Produce an exact transcription of the listing below, omitting the pictures.

Data provided
________________________
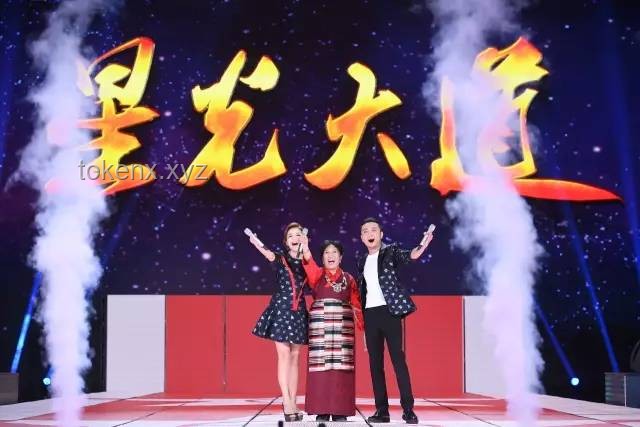 **崔政宇離世，演藝星光隕落：以創(chuàng)新思維續(xù)燃藝術(shù)火花??**
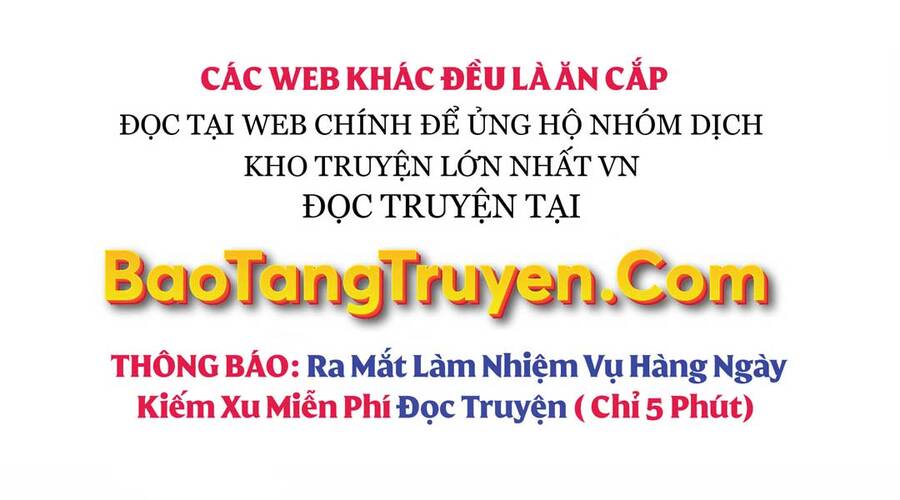 Gậy Gỗ Cấp 99+ - Chương 12.5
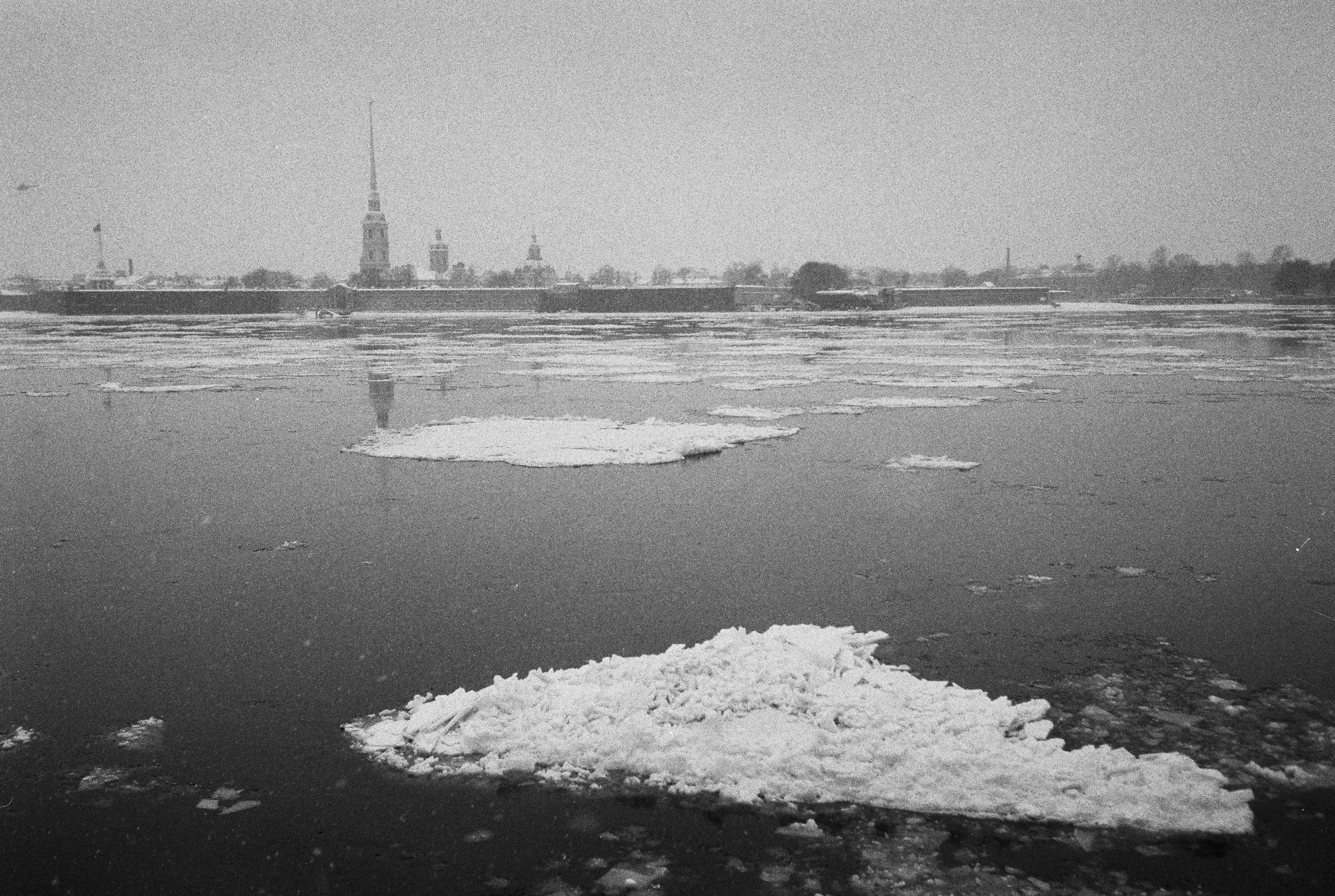 Фотографии черно-белые. Свадебный и семейный пленочный фотограф в Петербурге Истомина Ирина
________________________
Output of the exercise
 **崔政宇離世，演藝星光隕落：以創(chuàng)新思維續(xù)燃藝術(shù)火花??**
 Gậy Gỗ Cấp 99+ - Chương 12.5
 Фотографии черно-белые. Свадебный и семейный пленочный фотограф в Петербурге Истомина Ирина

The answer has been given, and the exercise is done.